## Record excerpts
--- START ---
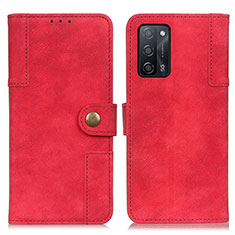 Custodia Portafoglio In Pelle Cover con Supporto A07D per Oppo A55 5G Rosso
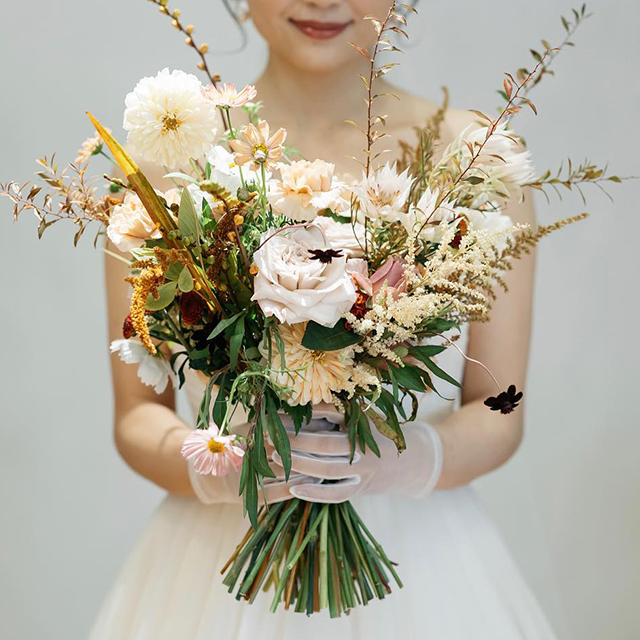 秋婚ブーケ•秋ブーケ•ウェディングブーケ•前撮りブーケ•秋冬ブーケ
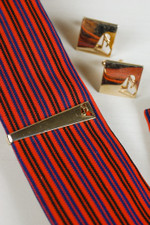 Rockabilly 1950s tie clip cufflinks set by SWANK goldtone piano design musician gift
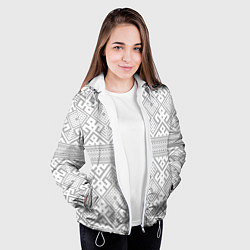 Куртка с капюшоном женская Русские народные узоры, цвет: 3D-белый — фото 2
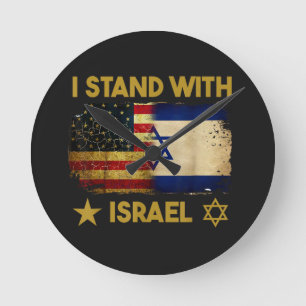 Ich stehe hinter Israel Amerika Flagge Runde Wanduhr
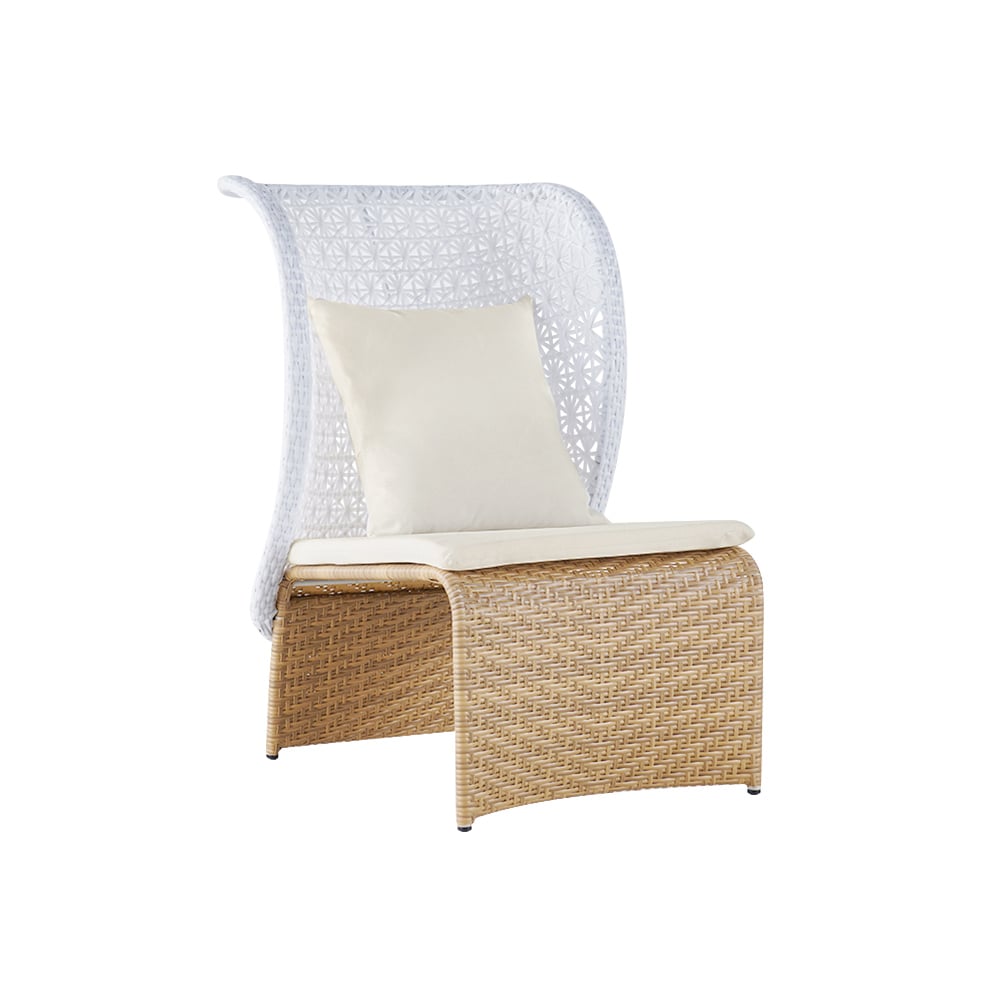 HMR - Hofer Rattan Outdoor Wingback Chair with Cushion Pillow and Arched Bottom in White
--- END ---
--- START ---
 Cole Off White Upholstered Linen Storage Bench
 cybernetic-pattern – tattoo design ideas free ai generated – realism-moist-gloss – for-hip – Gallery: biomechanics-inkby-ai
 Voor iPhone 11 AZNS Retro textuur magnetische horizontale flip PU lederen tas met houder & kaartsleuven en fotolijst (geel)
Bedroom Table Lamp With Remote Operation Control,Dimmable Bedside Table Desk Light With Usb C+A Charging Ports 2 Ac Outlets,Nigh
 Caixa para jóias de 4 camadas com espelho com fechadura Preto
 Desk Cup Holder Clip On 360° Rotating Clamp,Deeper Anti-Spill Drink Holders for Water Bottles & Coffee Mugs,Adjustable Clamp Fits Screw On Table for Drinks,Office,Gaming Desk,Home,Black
--- END ---
--- START ---
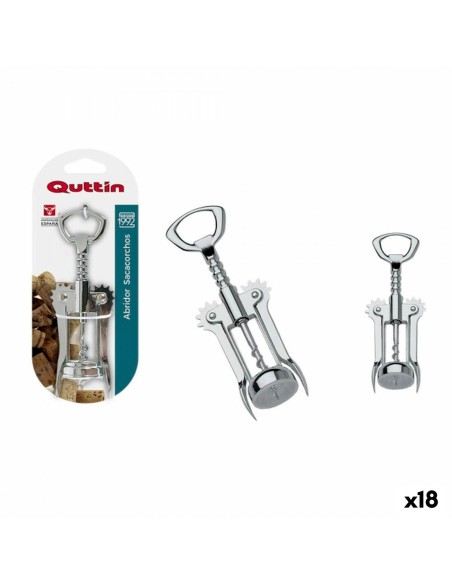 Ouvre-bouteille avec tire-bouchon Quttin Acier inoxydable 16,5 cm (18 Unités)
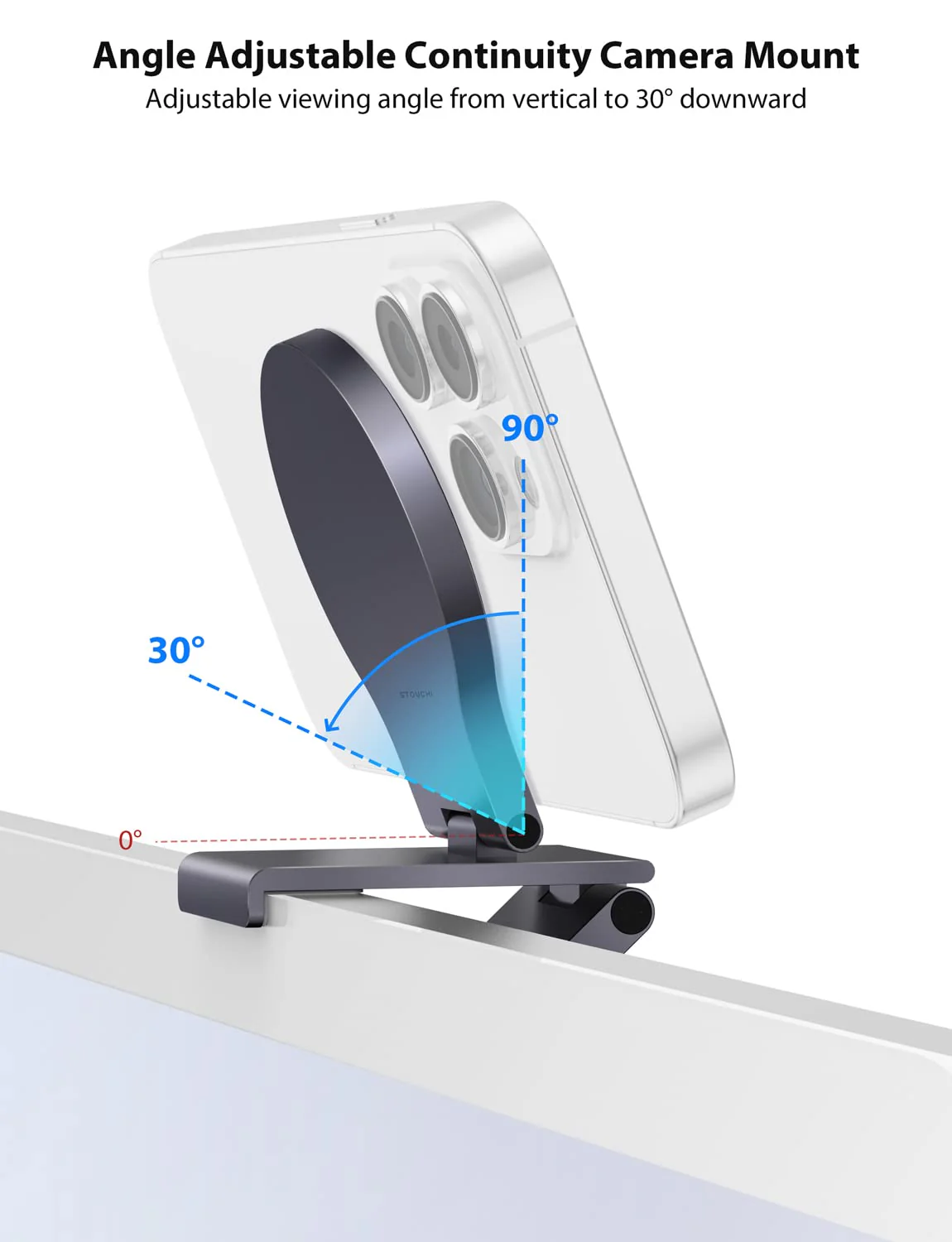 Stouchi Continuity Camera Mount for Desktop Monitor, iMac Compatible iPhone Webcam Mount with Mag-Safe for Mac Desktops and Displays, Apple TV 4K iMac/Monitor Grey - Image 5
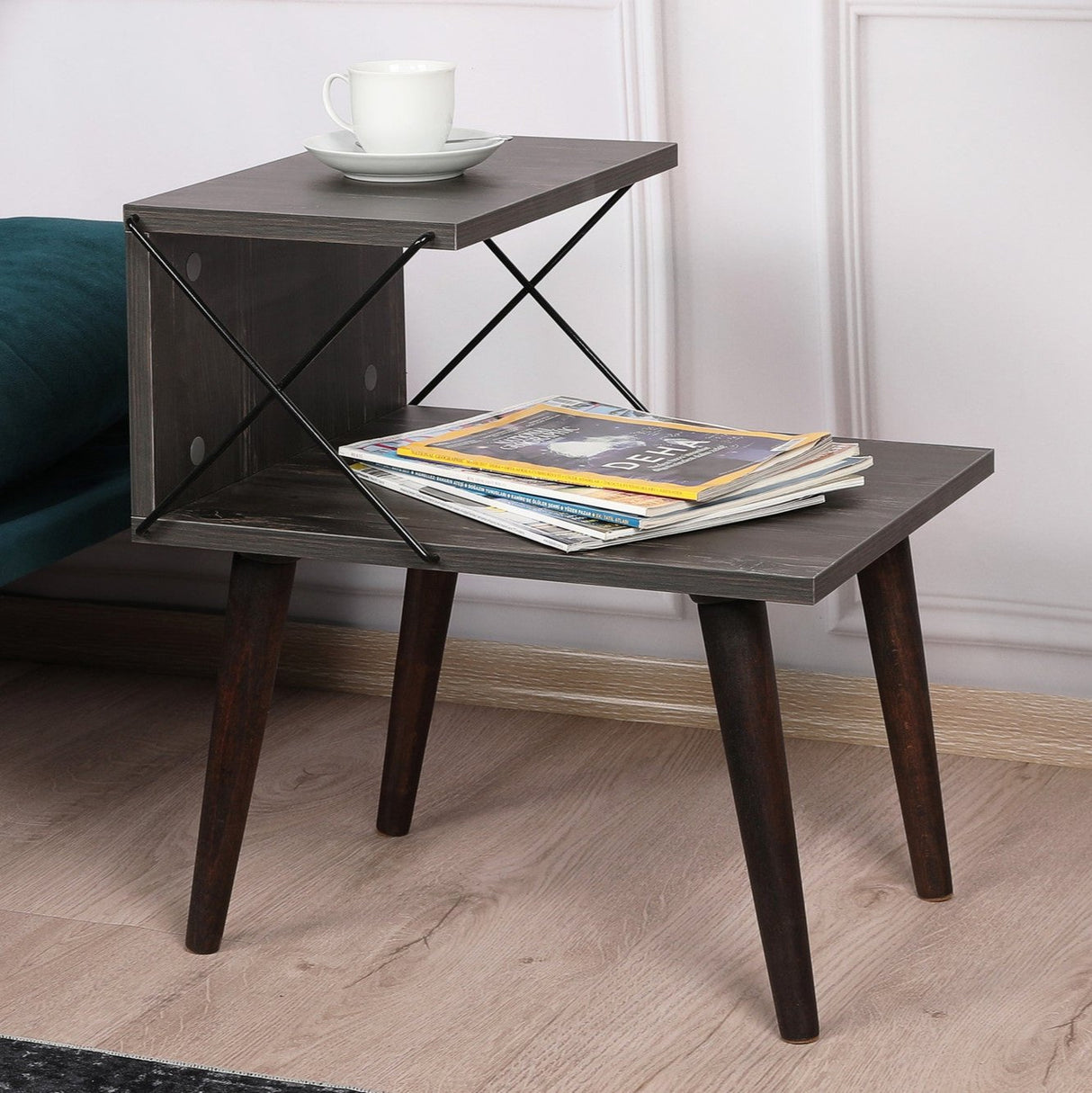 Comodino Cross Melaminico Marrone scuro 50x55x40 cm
--- END ---
## Task goal
Give back exactly the lines above that run from the one with "秋婚ブーケ•秋ブーケ•ウェディングブーケ•前撮りブーケ•秋冬ブーケ" to the one with "HMR - Hofer", including both, with the pictures left out.

## Answer to this task
 秋婚ブーケ•秋ブーケ•ウェディングブーケ•前撮りブーケ•秋冬ブーケ
 Rockabilly 1950s tie clip cufflinks set by SWANK goldtone piano design musician gift
 Куртка с капюшоном женская Русские народные узоры, цвет: 3D-белый — фото 2
 Ich stehe hinter Israel Amerika Flagge Runde Wanduhr
 HMR - Hofer Rattan Outdoor Wingback Chair with Cushion Pillow and Arched Bottom in White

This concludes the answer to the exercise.